Re: r3237 - in /branches/multi_processor: multi/mpi4py_processor.py relax -- March 20, 2007

Edward d'Auvergne wrote:

On 3/20/07, Gary S. Thompson <garyt@xxxxxxxxxxxxxxx> wrote:

Edward d'Auvergne wrote:

> Hi,
>
> Just a quick point, it would be good to either start a new thread for
> these types of questions or changing the subject field (unless you use
> the Gmail web interface like I am at the moment).  People may miss
> important discussions with such scary subject lines!
>
>
> On 3/20/07, Gary S. Thompson <garyt@xxxxxxxxxxxxxxx> wrote:
>
>> garyt@xxxxxxxxxxxxxxx wrote:

[snip]

>> Now a question what is the best way to get an etrenally running relax
>> interpreter I can just fire commands at (for the slaves)?
>
>
> The prompt based interface (as well as the script interface) is only
> one way of invoking relax.  An important question is how should we
> present relax to the user when using MPI.  Should the parent process
> present a functional interpreter or should operation be solely
> dictated by a script?


I already have a prompt running on the master, my idea is that the relax
use should see no difference (apart from perfomance) when using he
parallel version

I've just played around with that and it does look like the best
option for user flexibility.

> Or should a completely different mechanism of
> operation be devised for the interface of the parent.  For the grid
> computing code the parent UI is either the prompt or the script while
> the slaves use the interface started by 'relax --thread'.  The slave
> use none of the user functions and only really invoke the number
> crunching code.

now this is what I couldn't follow. How much of the relax environment is
essential for a slave/thread and if we don't want to do it all by
compete pickles of relax data structures (how big is a complete relax
data structure for a typical set of runs?) where shoudl i start

My post at https://mail.gna.org/public/relax-devel/2007-03/msg00097.html (Message-id: <1174384147.29205.20.camel@xxxxxxxxxxxxxxxxxxxxxxxxxxxxxxxxxxxx>) hopefully answers these questions.

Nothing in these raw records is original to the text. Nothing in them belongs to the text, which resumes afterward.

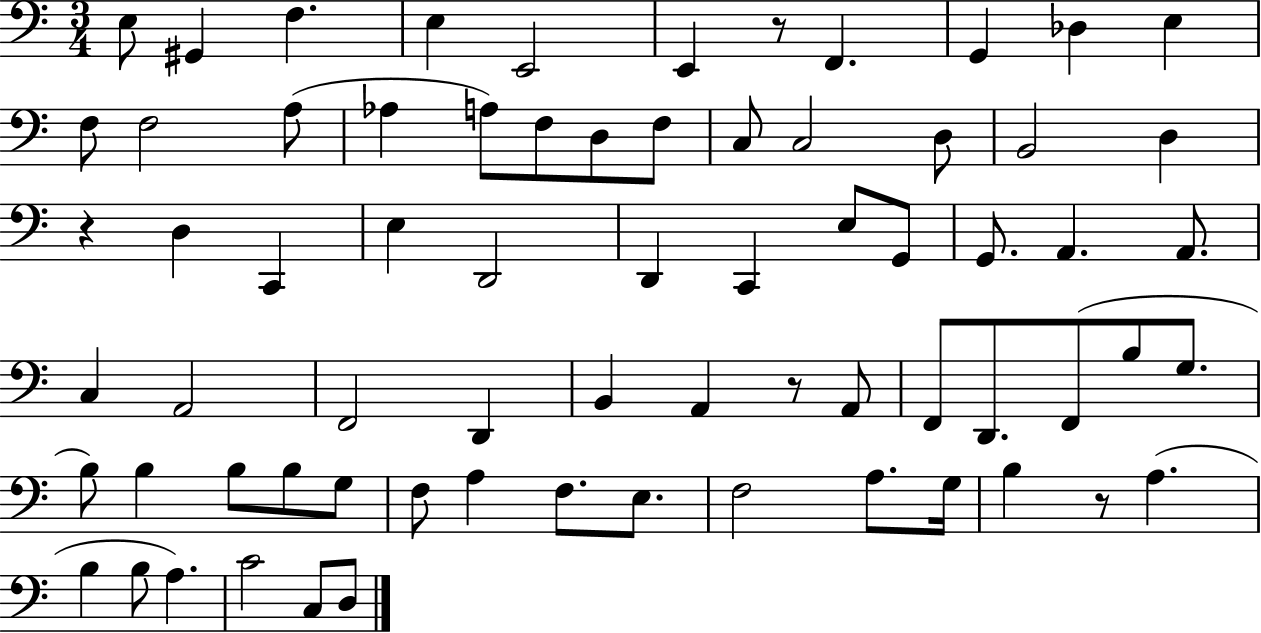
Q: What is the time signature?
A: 3/4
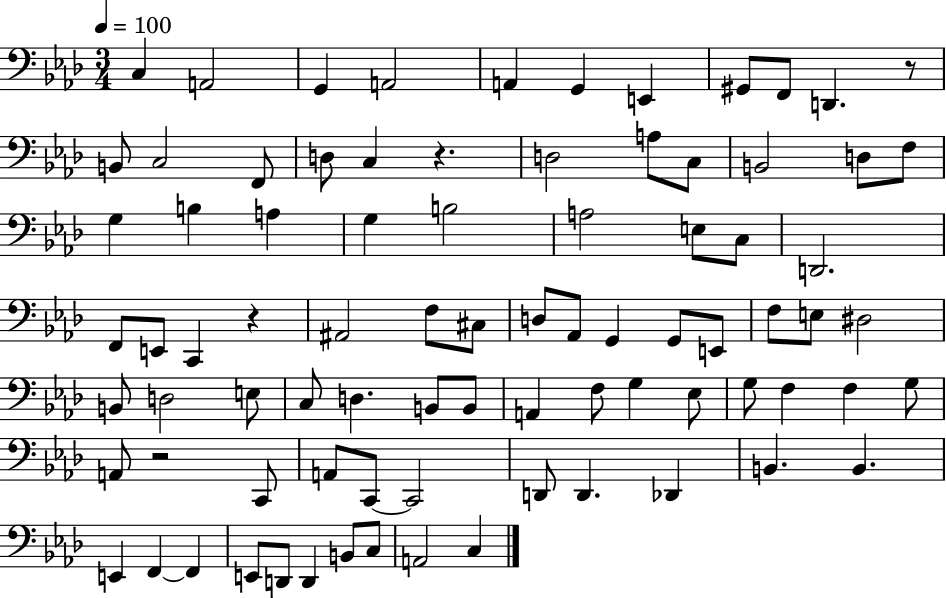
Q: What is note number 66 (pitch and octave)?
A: D2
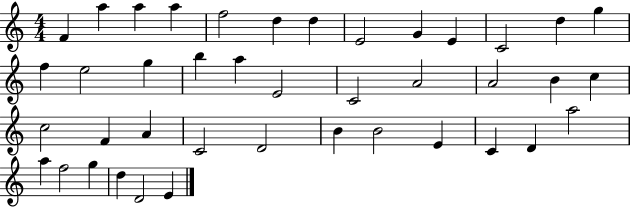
F4/q A5/q A5/q A5/q F5/h D5/q D5/q E4/h G4/q E4/q C4/h D5/q G5/q F5/q E5/h G5/q B5/q A5/q E4/h C4/h A4/h A4/h B4/q C5/q C5/h F4/q A4/q C4/h D4/h B4/q B4/h E4/q C4/q D4/q A5/h A5/q F5/h G5/q D5/q D4/h E4/q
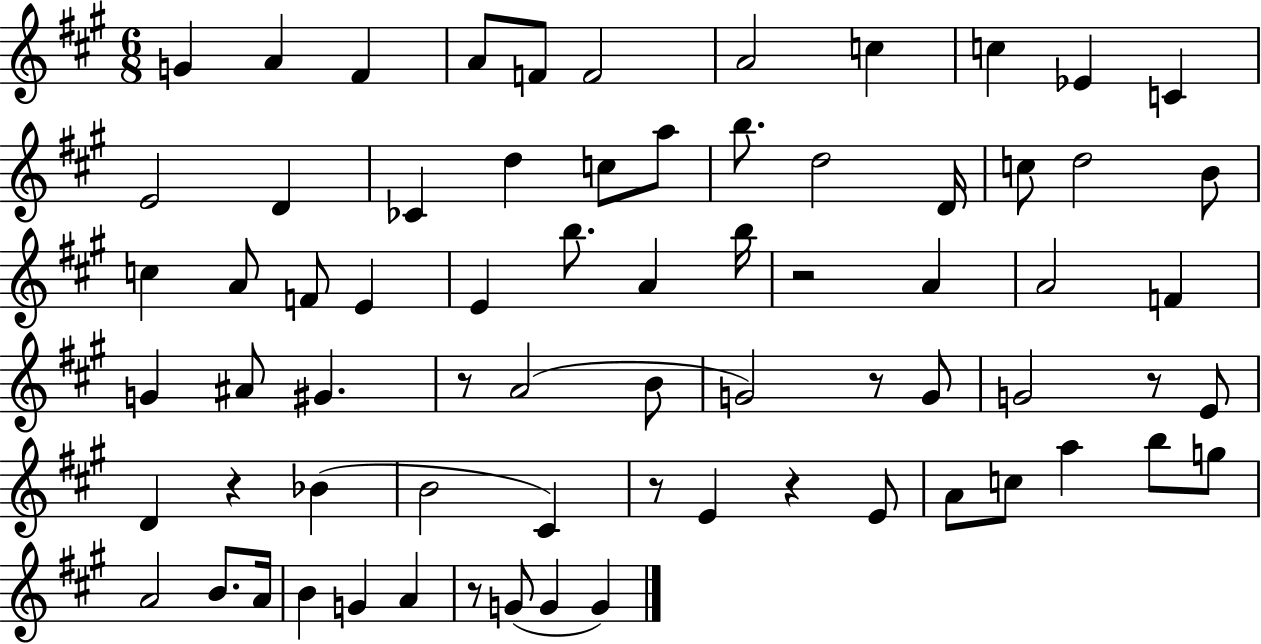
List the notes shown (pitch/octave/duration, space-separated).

> For the MPI slaves (I'm assuming these are separate processes with
> different PIDs running on different nodes) we should avoid the
> standard UI interfaces as these are superfluous.  In this case a
> simple MPI interface should probably be devised - it accepts the MPI
> commands and returns data back to the parent.  Is this though stdin,
> stdout, and stderr in MPI?  My knowledge of MPI is very limited.
>


1. via picked objects  which will integrate the results back into the
master copy or

If implemented at the 'minimise_mpi()' model-free method, then this
would probably be the best option.

2. as text strings which are printed with a process number in front (so that complete parallel log files can be grepped out of the main output).

However if you see advantages with this option, then maybe this is better.

 I don't currently assume that the compute node has available or useable
or shared  disk space.  everything comes back to the master


I expected MPI to operate in this way.  This means that none of the
grid computing code will be of use to you.

I only assumed that this would be a restraint for the mpi stuff other code can fit in the framework and access disks via nfs or in other ways if needed ;-)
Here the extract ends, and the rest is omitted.